11. The method of claim 1, further comprising stratifying the patients based on one or more further criteria selected from sex, DIPSS category, ECOG status, fibrosis grade. constitutional symptoms, MIPSS70 category, or PB blast percentage.

12. (canceled)

13. The method of claim 1, wherein the MPN is Myelofibrosis (MF).

14. The method of claim 1, wherein the MPN is Polycythemia Vera (PV).

15. The method of claim 1, wherein the MPN is Essential Thrombocythemia (ET).

16. The method of claim 1, wherein the MPN is Chronic Myelogenous Leukemia (CML).

17. The method of claim 1, wherein the at least 10 genes are selected based on the most highly correlated genes based on the coefficients in FIG. 20.

18. The method of claim 1, further comprising treating the subject with more aggressive therapy if the subject has been determined to be in the high risk group for worse survival.

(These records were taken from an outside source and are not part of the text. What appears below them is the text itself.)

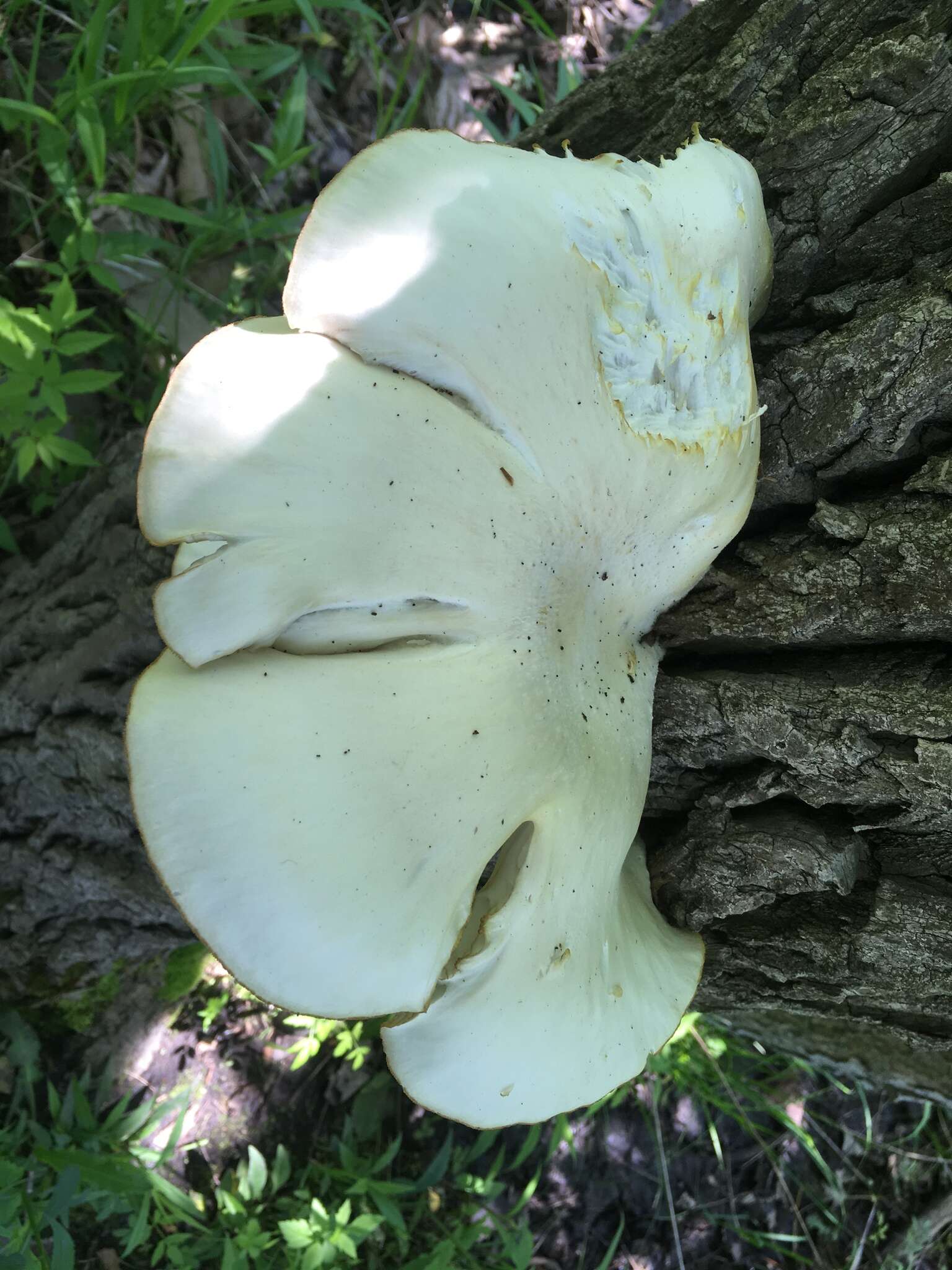 Image of Pleurotus populinus O. Hilber & O. K. Mill. 1993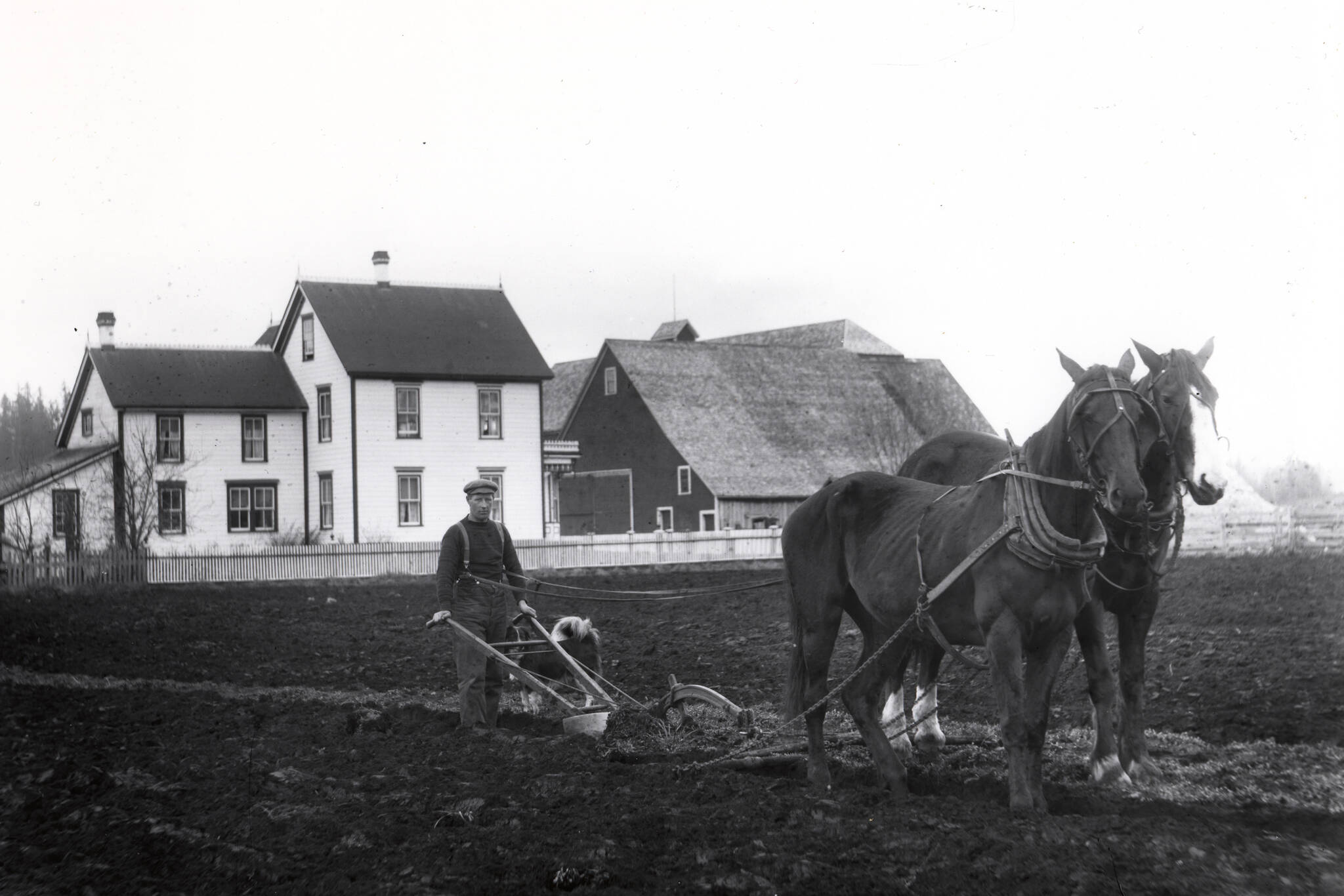 Comox farm scene, ca. 1910. Stubbs Collection #60/Courtenay Museum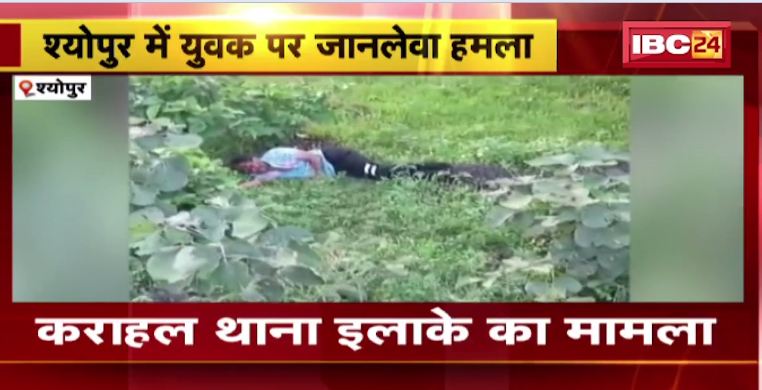 Sheopur में युवक पर कुल्हाड़ी से जानलेवा हमला। वारदात को अंजाम देकर बदमाश फरार। देखिए वीडियो..
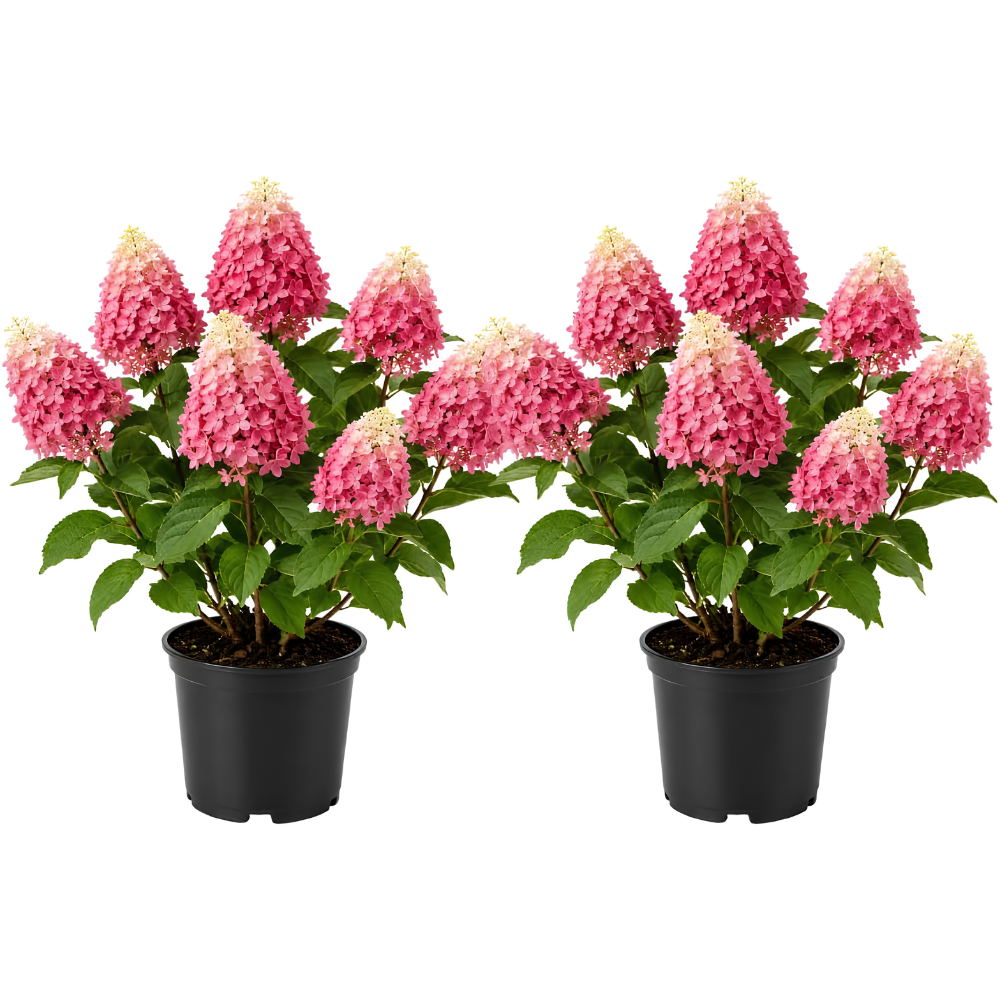2 Hydrangea Live Plants in Quart Pot, 6-12" Tall Hydrangea Bushes Ready to Plant, Grow Robust Floral Clusters for Hedges & Outdoor Landscapes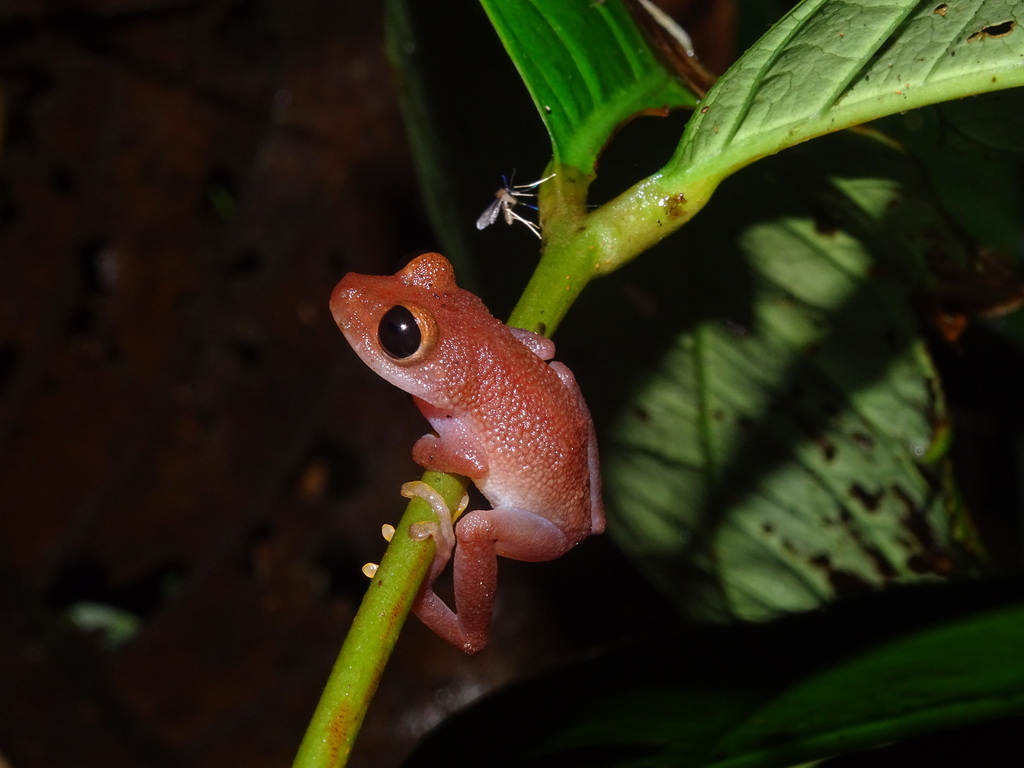 Valley Robber Frog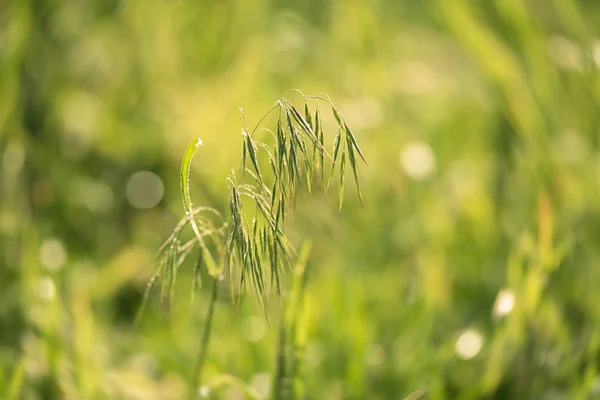 Nahaufnahme Foto von Grassamen — Stockfoto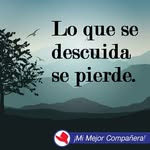 Ramiro Amaya Lopez - @ramiroamayalopez - Instagram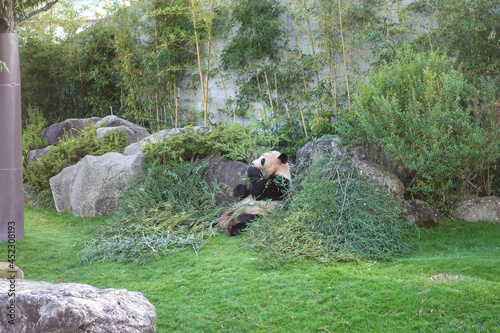 Fototapeta Naklejka Na Ścianę i Meble -  Panda at Zoo, Adventure World in Wakayama prefecture, Japan.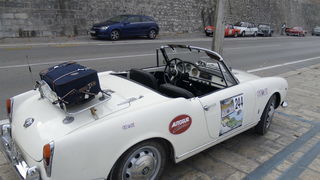 Adriatica Gazoline 2008.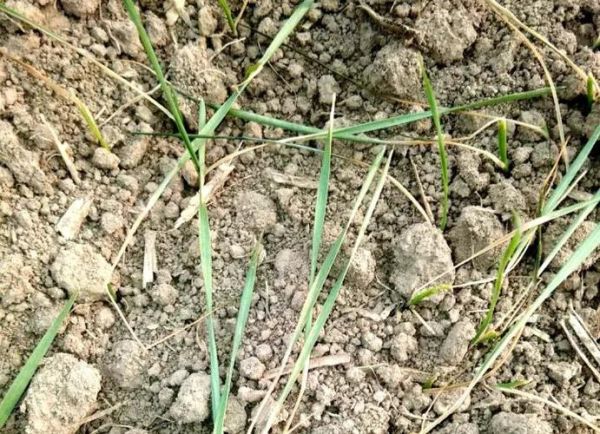 麦苗填空词语有哪些_麦苗填空怎么写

19. The method of claim 18, wherein the more aggressive therapy is bone marrow transplant.

20. The method of claim 18, wherein the more aggressive therapy is adjuvant therapy, intensified chemotherapy or an alternative therapy through enrollment into a clinical trial for a novel therapy.

21. A method of determining the risk of transformation of a Myeloproliferative Neoplasm (MPN) to acute myeloid leukemia, in a subject with MPN, comprising:

(a) determining the expression level of at least 5 genes in a test sample from the subject selected from the group consisting of SPP1, TPSAB1, COL4A5, CEACAM6, IGFBP2, EMP1, DLK1, IGSF10, HLA-DQB1, KNDC1, CLEC2L, CDH7, or ENKUR; and

(b) comparing expression of the at least 5 genes in the test sample with reference expression levels of the at least 5 genes from control samples from a reference cohort of patients;

wherein a difference or similarity in the expression of the at least 5 genes in the test sample and the reference expression levels is used to prognose or classify the subject with MPN into a low risk group or a high risk group for transformation to secondary acute myeloid leukemia (sAML).

22-40. (canceled)

41. A computer program product for use in conjunction with a computer having a processor and a memory connected to the processor, the computer program product comprising a computer readable storage medium having a computer mechanism encoded thereon, wherein the computer program mechanism may be loaded into the memory of the computer and cause the computer to carry out the method of claim 1.

42. A kit comprising reagents for detecting the expression of the genes defined in claim 1.

43. An array or nanostring for detecting the expression of the genes defined in claim 1.